Us: Americans Talk About Love by John Bowe (Faber & Faber, January 5, 2010).  From all corners of America Bowe persuades a cross section of Americans to talk about their first hand accounts of love.  Their love stories are tragic, happy, complacent, tortured, and so raw that you can feel like you have known the lovers for years.  Bowe doesn’t wrap each story with a bow and a happy ending, and the book is as much about life after a great love and life with a great love.  This collection of shorts could touch any reader – from the biggest sceptic to the most sentimental.

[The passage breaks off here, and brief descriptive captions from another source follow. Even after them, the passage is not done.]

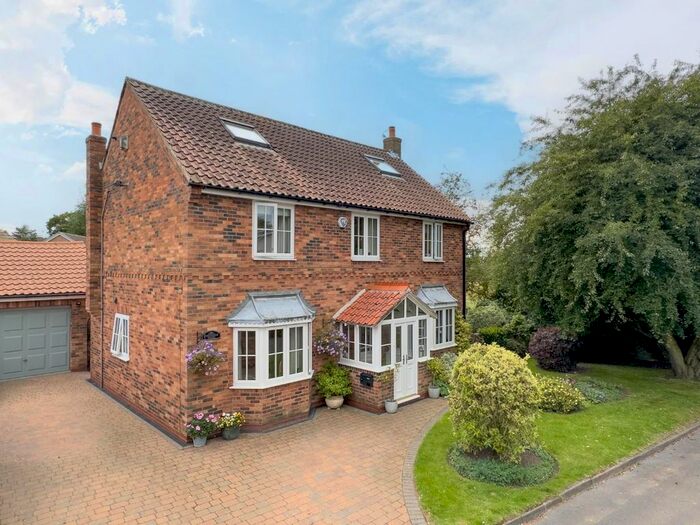 5 Bedroom Property For Sale In Northfield Lane, Riccall, York, YO19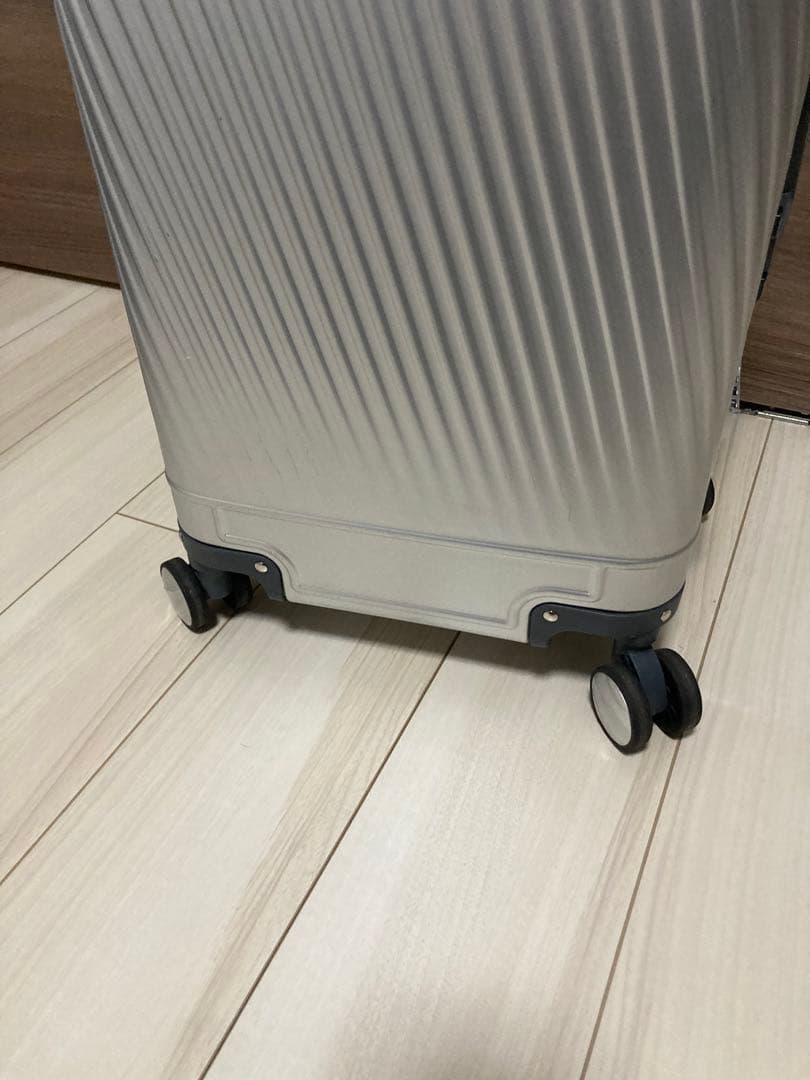 エース トーキョーレーベル スーツケース S アルゴナム32L アルミニウム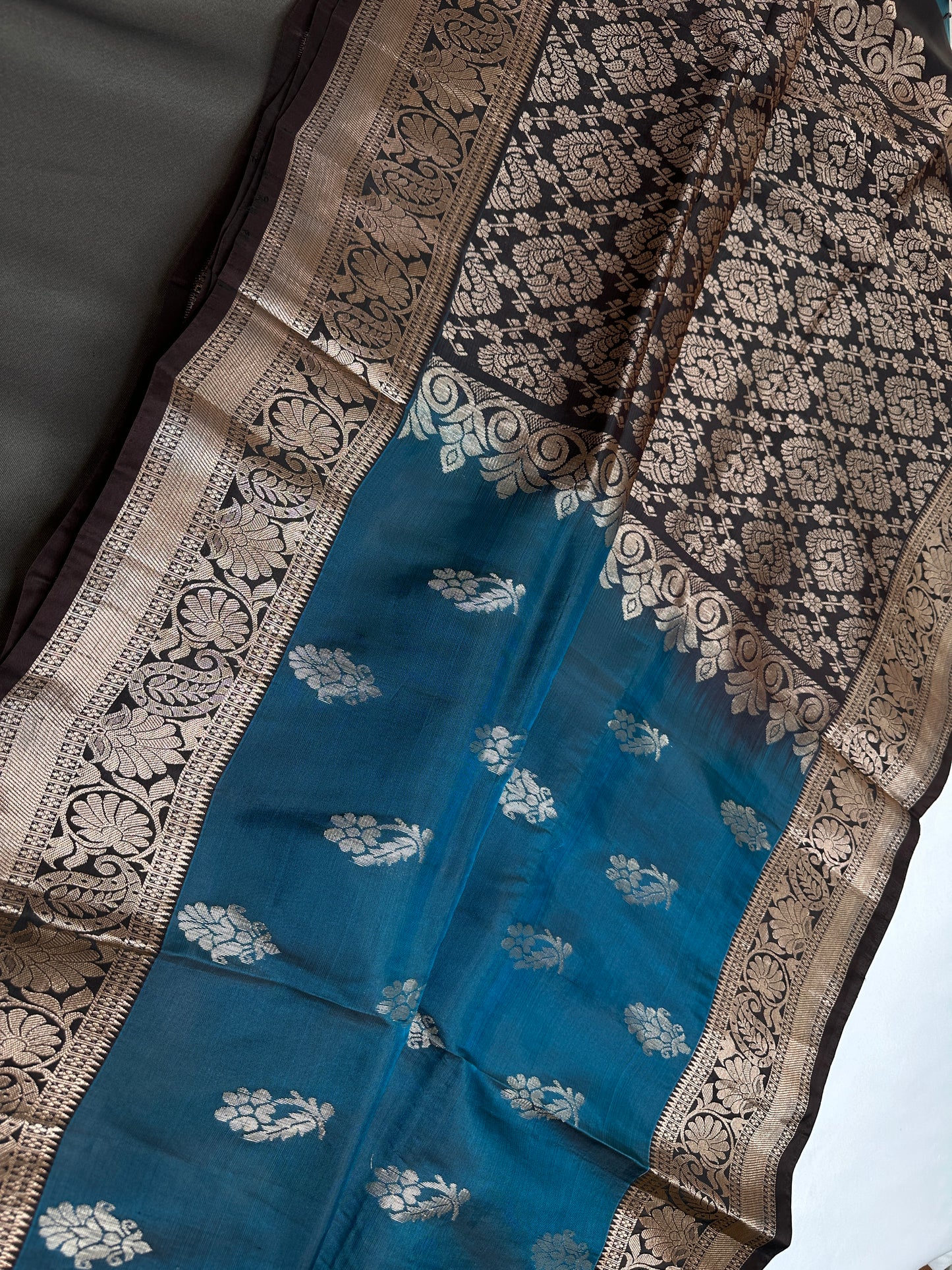 Peacock Blue Light Weight Kanchi Soft Handloom Silk  Saree - 
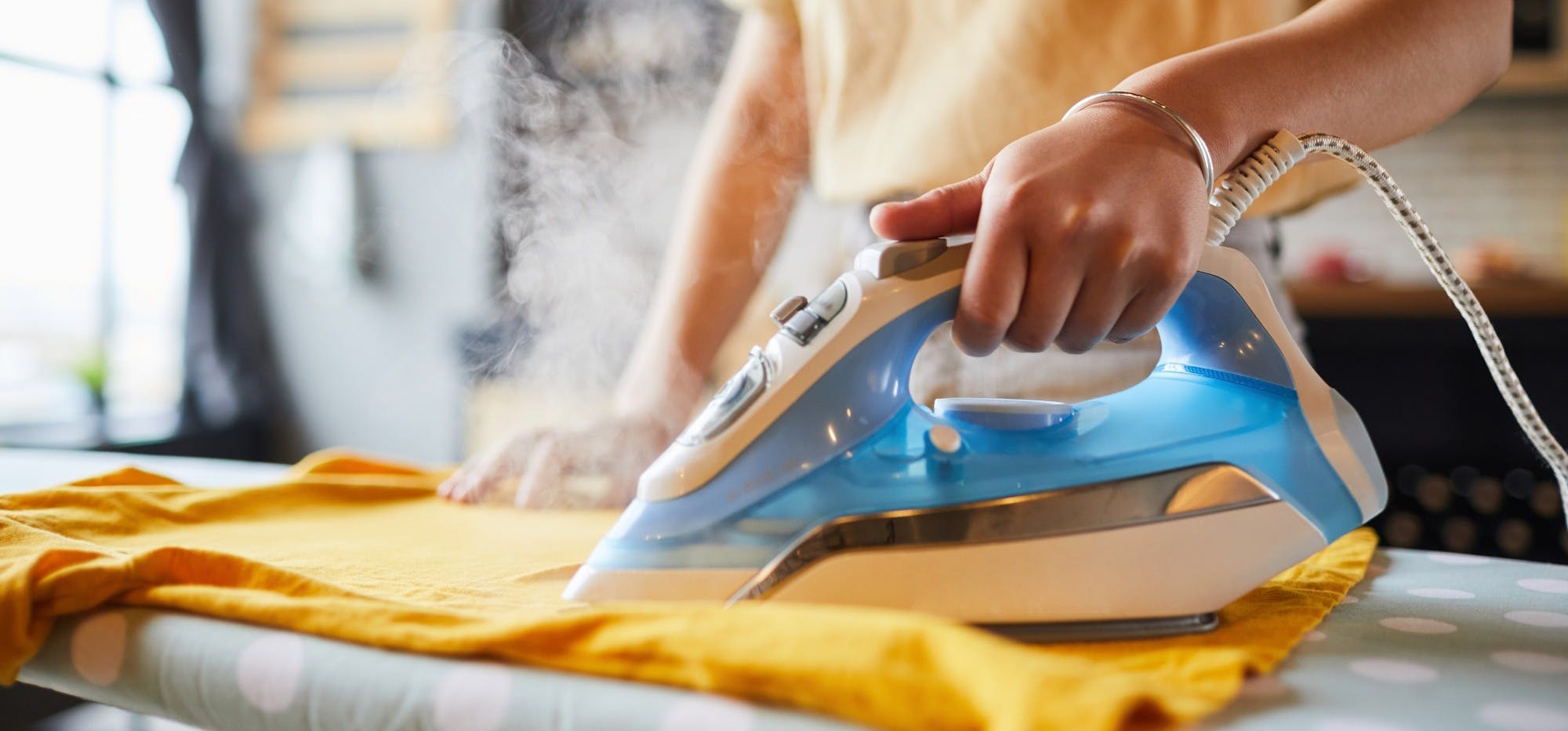 Strijken met een stoomstrijkijzer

The Time Traveler’s Wife by Audrey Niffenegger (Houghton Mifflin Harcourt, Mary 27, 2010).  I know many people have already experienced this wonderful novel, but it touched me so deeply I couldn’t resist mentioning it.  Niffenegger is absolutely captivating in a love story that defies all odds.  Her creativity is stunning and her characters continue to haunt me daily.  The Time Traveler’s Wife is a deeply emotional and intellectual read.  It is rare to find a book that tickles as many senses as this book did for me.  If you haven’t read it yet, I highly recommend it.  As an added bonus it will be our A-List Literates Book Club book in May.